Même ceux qui croyaient que l’initiative du président, le 25 juillet 2021, mettrait fin au chaos politique et que Kaïs Saïed, compte tenu de sa formation de constitutionnaliste approfondirait les principes de la république et de l’État de droit, ont été surpris de voir celui-ci, après une année de mesures exceptionnelles, rédiger une constitution qui renforce ses propres prérogatives, abolit toutes les institutions de régulation, s’accorde une immunité absolue et dénature toutes les valeurs sur lesquelles reposait la Constitution de 2014, telles que la liberté d’expression, la liberté de croyance, la liberté de conscience, et l’égalité entre les hommes et les femmes. Atteindre les objectifs de l’Islam devient même la référence dans la république de Kais Saïd avec toute l’ambiguïté et la confusion que cette expression comporte. …

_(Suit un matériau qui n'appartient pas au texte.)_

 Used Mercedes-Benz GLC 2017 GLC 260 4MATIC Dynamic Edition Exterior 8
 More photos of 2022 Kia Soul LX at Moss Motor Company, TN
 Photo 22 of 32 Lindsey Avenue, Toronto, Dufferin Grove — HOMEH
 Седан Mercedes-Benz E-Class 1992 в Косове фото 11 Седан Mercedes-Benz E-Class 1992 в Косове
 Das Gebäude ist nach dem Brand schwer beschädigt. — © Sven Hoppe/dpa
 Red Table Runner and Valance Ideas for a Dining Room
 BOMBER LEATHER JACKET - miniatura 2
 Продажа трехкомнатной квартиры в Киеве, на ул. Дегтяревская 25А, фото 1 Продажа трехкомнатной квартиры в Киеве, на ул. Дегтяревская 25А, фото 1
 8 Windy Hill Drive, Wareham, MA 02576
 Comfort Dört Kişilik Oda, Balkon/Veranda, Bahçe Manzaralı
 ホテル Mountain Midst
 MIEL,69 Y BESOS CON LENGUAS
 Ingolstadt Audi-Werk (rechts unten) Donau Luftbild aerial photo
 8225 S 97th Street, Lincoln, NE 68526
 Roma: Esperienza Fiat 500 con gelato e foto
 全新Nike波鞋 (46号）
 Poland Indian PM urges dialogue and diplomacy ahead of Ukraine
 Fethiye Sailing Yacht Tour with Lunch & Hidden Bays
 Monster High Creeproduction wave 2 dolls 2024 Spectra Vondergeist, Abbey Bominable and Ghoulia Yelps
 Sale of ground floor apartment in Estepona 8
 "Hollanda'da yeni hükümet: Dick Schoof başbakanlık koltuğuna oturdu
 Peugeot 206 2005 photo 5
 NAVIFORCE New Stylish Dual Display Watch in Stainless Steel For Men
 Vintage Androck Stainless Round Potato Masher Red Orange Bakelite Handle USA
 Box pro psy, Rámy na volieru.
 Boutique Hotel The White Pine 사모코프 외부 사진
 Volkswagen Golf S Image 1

Aujourd’hui, nous sommes en droit de nous demander ce qu’il reste de la République et des principes de la Révolution que celle-ci a tenté de restaurer, face à l’arbitraire judiciaire qui a touché la plupart des hommes et femmes politiques, des professionnels des médias et des citoyens et face au retour de la peur et de la terreur dans la vie publique. Quelle crédibilité accorder à une élection présidentielle dans ces circonstances, surtout après que le président ait décidé de mettre en prison la plupart de ses rivaux ou de les neutraliser en les accablant d’accusations fallacieuses afin de les dissuader de se présenter ? Quelle crédibilité possède une élection présidentielle dans une république où l’Instance électorale, d’ instance
réellement indépendante à l’origine, est devenue une instance soumise aux ordres au président, appliquant ses instructions et imposant ses conditions ?
En dressant ce diagnostic douloureux, nous ne cherchons pas à nous décourager, à nous résigner et à accepter le statu quo, mais au contraire à mobiliser les forces civiles et politiques par-delà le passé avec ses divisions et ses erreurs. Il s’agit de reprendre l’initiative afin d’imposer une situation politique et civile qui réalise le rêve des générations de combattants et d’activistes qui ont rêvé d’une République digne de ce nom et ont fait de lourds sacrifices pour consolider ses principes, le rêve de ceux qui, enfermés dans la prison de la tyrannie pour avoir simplement exercé leur droit d’expression et de critique, le rêve d’un peuple qui, près de sept décennies plus tard, aspire toujours à la liberté, à la démocratie et à la justice.
– Ensemble pour la libération de tous les prisonniers politiques, de conscience et d’expression.
– Ensemble pour la restauration de la république ternie par le règne du pouvoir personnel.
– Ensemble pour un climat politique et social qui mette fin au despotisme et permette la construction d’ un Etat fondé sur des institutions réellement démocratiques.